Published 13 Apr 2026 in cs.SD and cs.CL | (2604.11552v1)

Abstract: Voice imitation aims to transform source speech to match a reference speaker's timbre and speaking style while preserving linguistic content. A straightforward approach is to train on triplets of (source, reference, target), where source and target share the same content but target matches the reference's voice characteristics, yet such data is extremely scarce. Existing approaches either employ carefully designed disentanglement architectures to bypass this data scarcity or leverage external systems to synthesize pseudo-parallel training data. However, the former requires intricate model design, and the latter faces a quality ceiling when synthetic speech is used as training targets. To address these limitations, we propose MimicLM, which takes a novel approach by using synthetic speech as training sources while retaining real recordings as targets. This design enables the model to learn directly from real speech distributions, breaking the synthetic quality ceiling. Building on this data construction approach, we incorporate interleaved text-audio modeling to guide the generation of content-accurate speech and apply post-training with preference alignment to mitigate the inherent distributional mismatch when training on synthetic data.
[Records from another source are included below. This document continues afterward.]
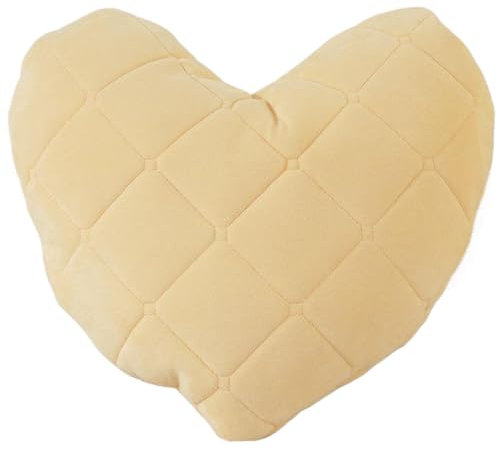 Ueiwffzo Plüschkissen Herzkissen, 40x45x12 cm Herzform Kissen Kuschelkissen, Love Zierkissen Aesthetic, Plüsch Kissen für Wohnzimmer Sofa Autos, Home Decor (Gelb)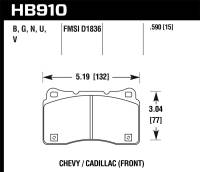 Hawk Performance - Hawk Performance kHB910B.590 Hawk 15-16 Cadillac XTS / Chevrolet Corvette HPS 5.0 Front Brake Pads - Image 2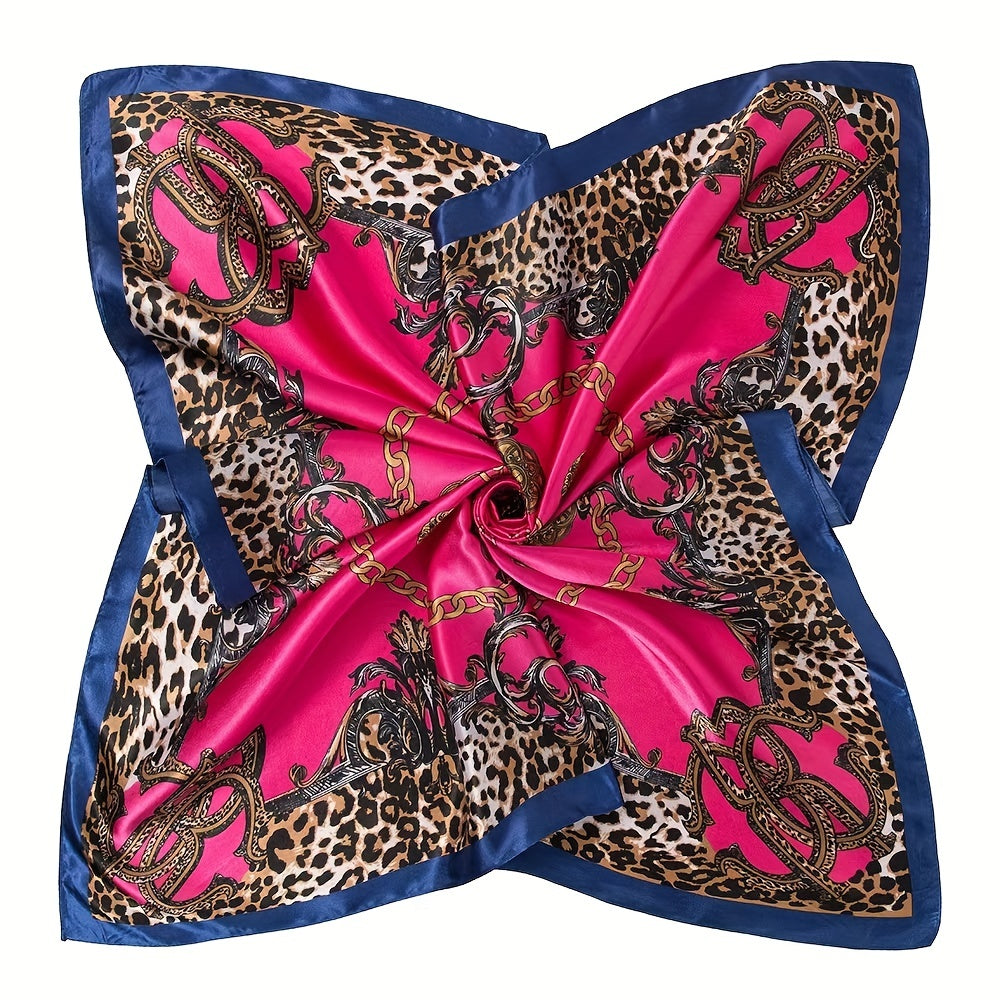 Leopard Chain Shawl Red Silk Scarf 35 43 Small Square Casual Women Wrap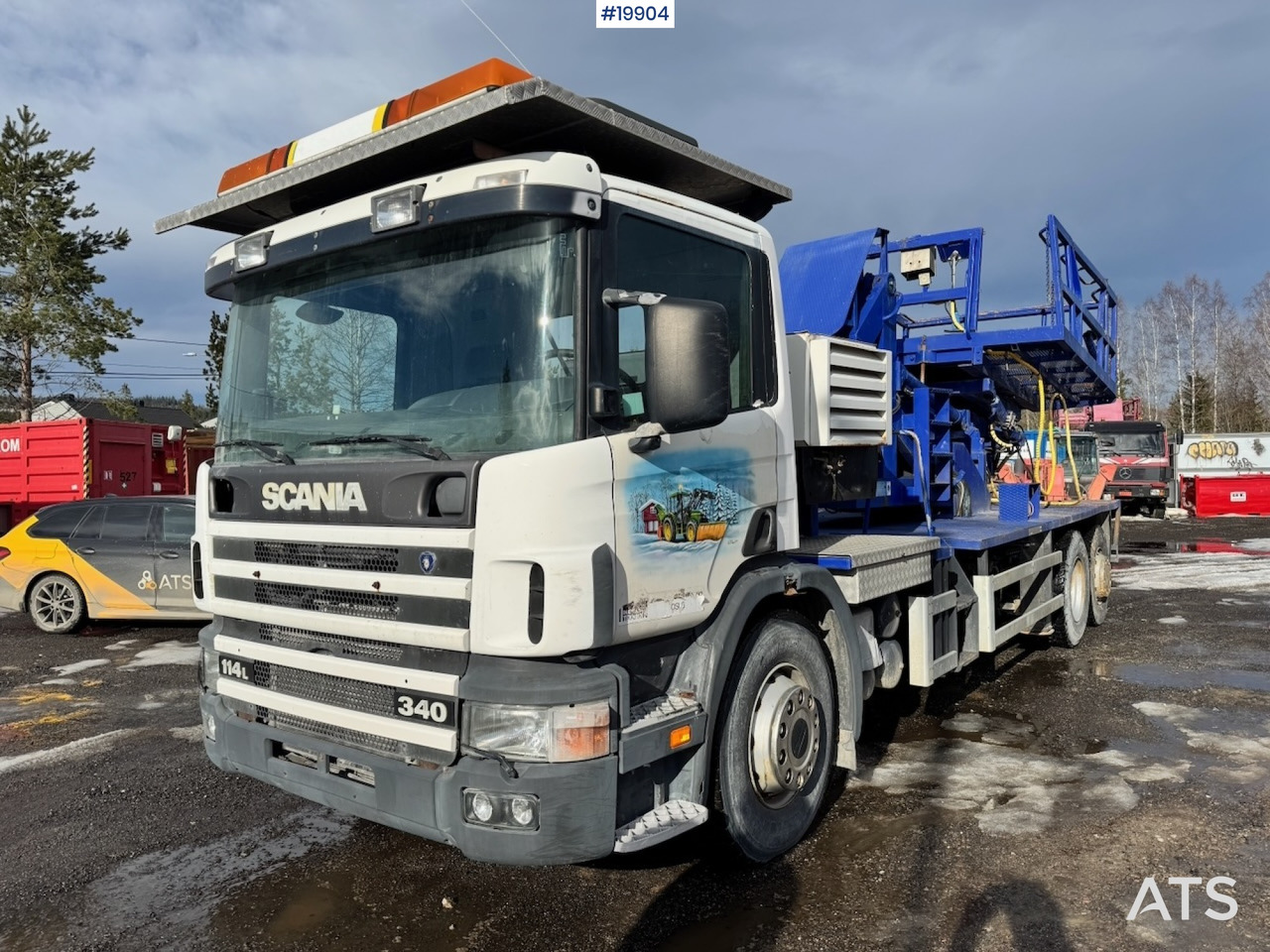 Scania P114 - Lastbil med mandskabslift: billede 1 Scania P114 - Lastbil med mandskabslift: billede 1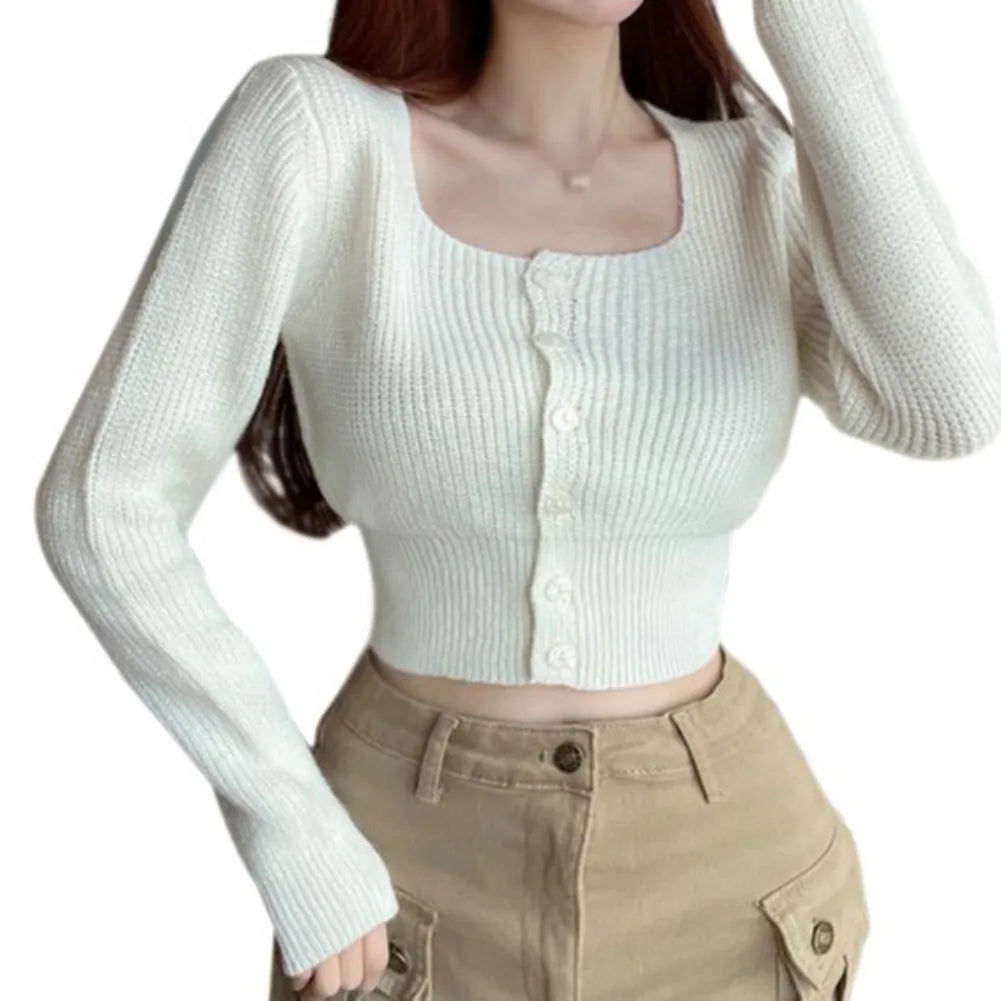 Sexy Summer Button Up Square Neck Long Sleeve Crop Sweater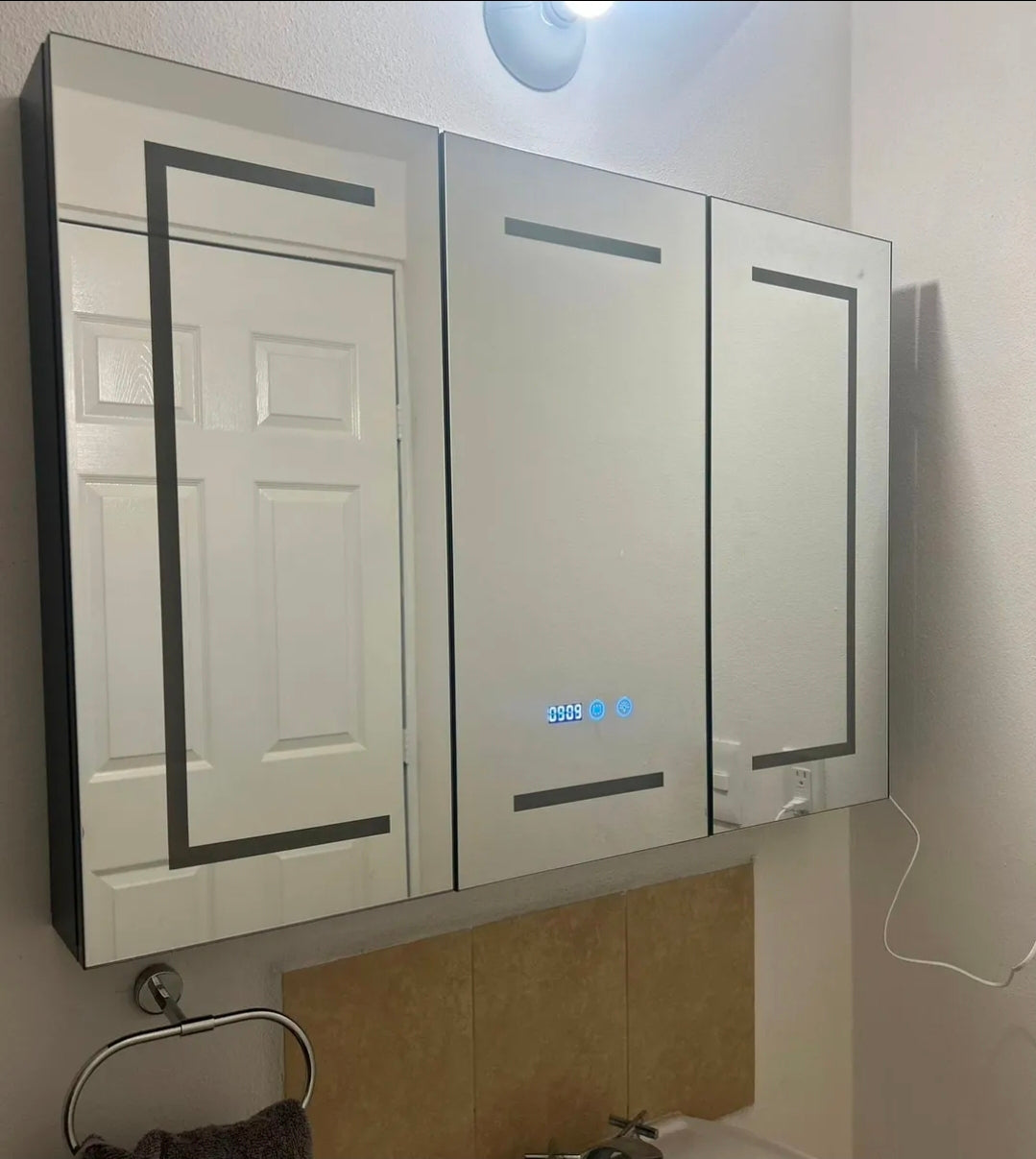 Mueble para baño con espejo led antivaho 90x65cm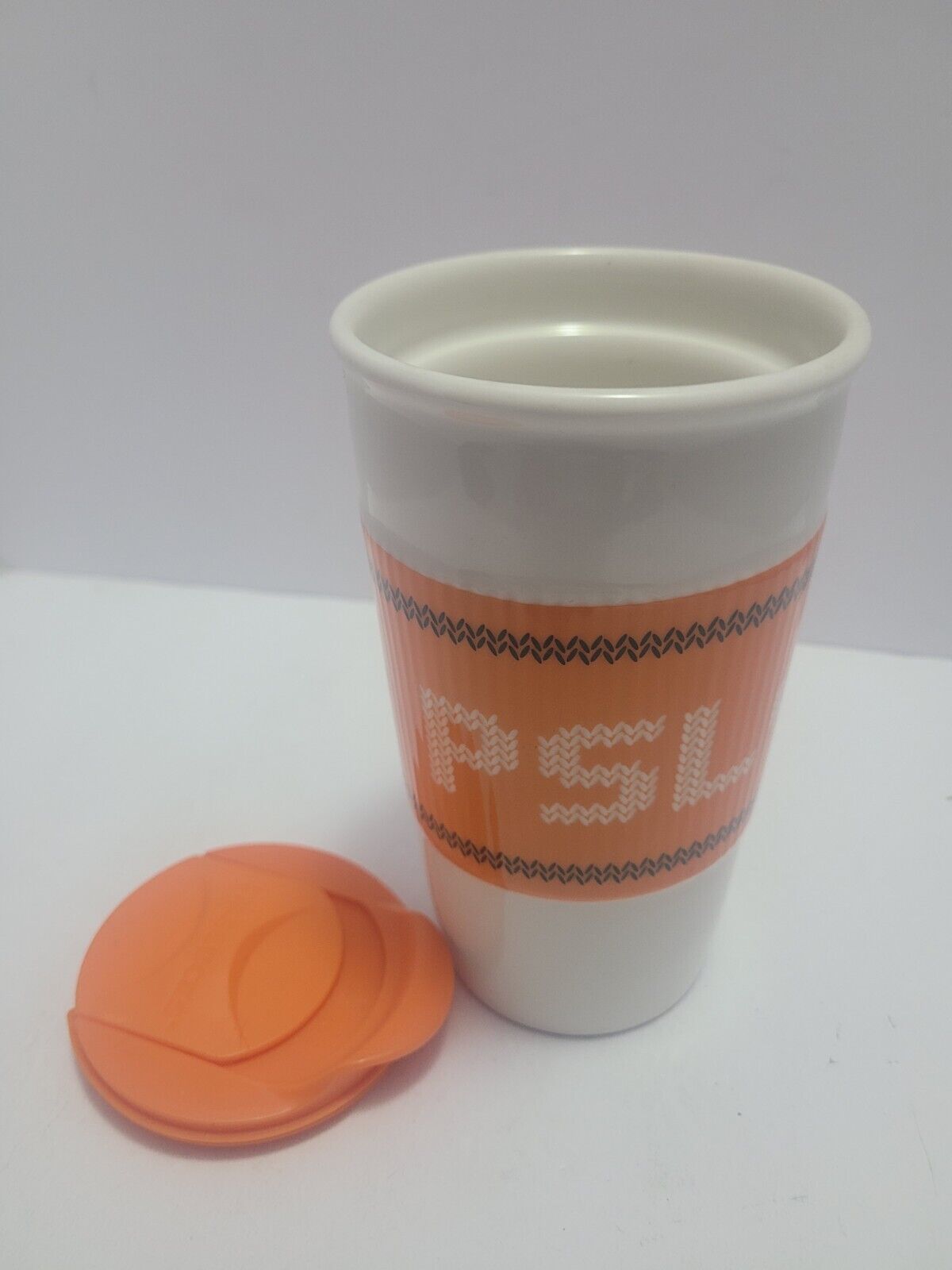 2016 Starbucks Team PSL 10oz Ceramic Travel Mug Tumbler With Lid No Box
Experiments demonstrate that MimicLM achieves superior voice imitation quality with a simple yet effective architecture, significantly outperforming existing methods in naturalness while maintaining competitive similarity scores across speaker identity, accent, and emotion dimensions.

Summary

  • The paper presents a novel data construction paradigm that leverages synthetic TTS as source paired with real speech targets to eliminate synthesis quality limits.
  • The methodology integrates interleaved text-audio prediction with autoregressive and flow-matching decoders to significantly reduce WER and improve content fidelity.
  • Empirical results demonstrate superior performance in speaker and accent similarity, validating the efficiency of role-swapping and preference alignment strategies.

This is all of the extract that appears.